Information shown:
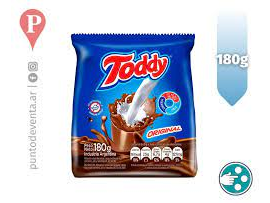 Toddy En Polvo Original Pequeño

...

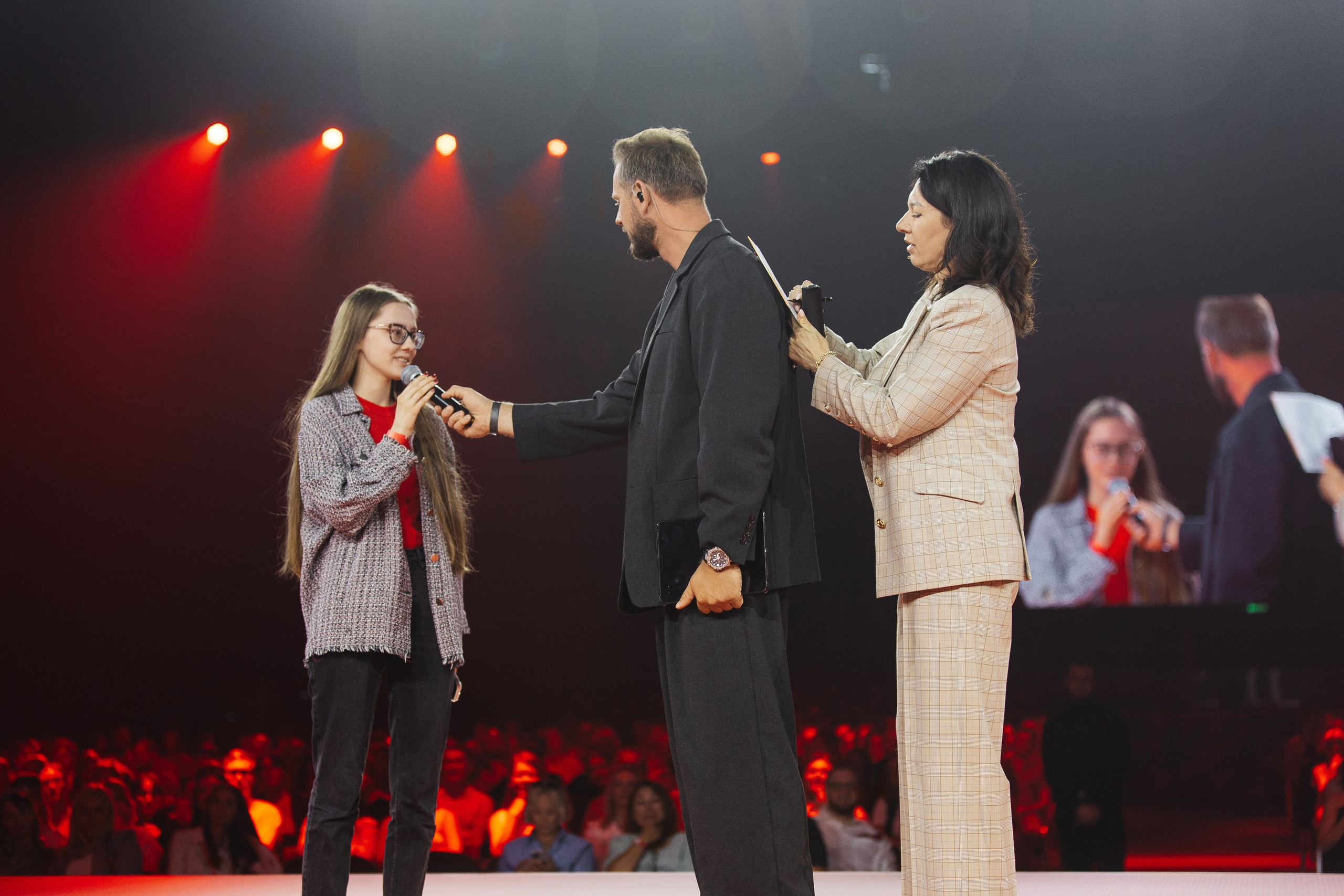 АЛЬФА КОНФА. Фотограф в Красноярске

* * *

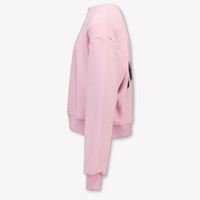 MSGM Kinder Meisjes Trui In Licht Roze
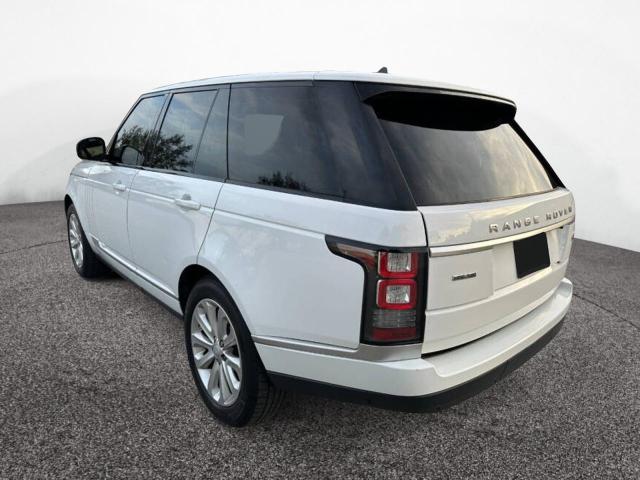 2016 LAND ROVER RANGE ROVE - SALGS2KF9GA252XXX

Problem details: Go back to the listing above and reproduce, exactly, the stretch from the line bearing "MSGM Kinder Meisjes Trui In Licht Roze" through the line bearing "2016 LAND ROVER", without its pictures.

Written solution:
 MSGM Kinder Meisjes Trui In Licht Roze
 2016 LAND ROVER RANGE ROVE - SALGS2KF9GA252XXX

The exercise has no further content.